(Beginning of Entries supplied)
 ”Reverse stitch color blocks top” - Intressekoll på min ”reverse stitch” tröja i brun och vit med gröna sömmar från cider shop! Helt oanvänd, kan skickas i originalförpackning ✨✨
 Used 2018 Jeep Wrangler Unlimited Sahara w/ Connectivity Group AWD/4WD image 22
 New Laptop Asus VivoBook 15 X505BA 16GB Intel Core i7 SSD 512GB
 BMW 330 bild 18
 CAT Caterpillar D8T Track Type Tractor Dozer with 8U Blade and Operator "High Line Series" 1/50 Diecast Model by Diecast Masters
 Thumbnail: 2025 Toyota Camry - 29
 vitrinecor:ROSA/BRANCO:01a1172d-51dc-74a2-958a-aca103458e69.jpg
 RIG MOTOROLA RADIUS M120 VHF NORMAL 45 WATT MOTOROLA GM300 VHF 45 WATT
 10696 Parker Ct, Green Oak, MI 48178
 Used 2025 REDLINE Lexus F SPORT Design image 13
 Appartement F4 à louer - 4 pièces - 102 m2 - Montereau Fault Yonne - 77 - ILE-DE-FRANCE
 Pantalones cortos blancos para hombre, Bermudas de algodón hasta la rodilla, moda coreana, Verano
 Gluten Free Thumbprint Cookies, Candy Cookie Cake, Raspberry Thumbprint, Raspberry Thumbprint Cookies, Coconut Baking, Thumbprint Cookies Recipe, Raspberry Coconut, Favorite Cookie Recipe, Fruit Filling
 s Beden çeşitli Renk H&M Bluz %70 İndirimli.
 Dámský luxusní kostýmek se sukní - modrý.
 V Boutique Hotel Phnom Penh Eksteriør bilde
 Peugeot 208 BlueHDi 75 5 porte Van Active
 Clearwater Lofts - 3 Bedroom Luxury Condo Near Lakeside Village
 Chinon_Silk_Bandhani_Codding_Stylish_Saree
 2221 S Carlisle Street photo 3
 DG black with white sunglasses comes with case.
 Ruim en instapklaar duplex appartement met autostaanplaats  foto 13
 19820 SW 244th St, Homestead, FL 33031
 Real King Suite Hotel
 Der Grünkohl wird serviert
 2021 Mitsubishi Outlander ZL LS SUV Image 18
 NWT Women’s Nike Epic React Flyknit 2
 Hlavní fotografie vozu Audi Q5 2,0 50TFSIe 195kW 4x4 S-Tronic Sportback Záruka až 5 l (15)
(End of Entries supplied)
Using the material, count every line where the word "Hotel" appears and give only the number.

2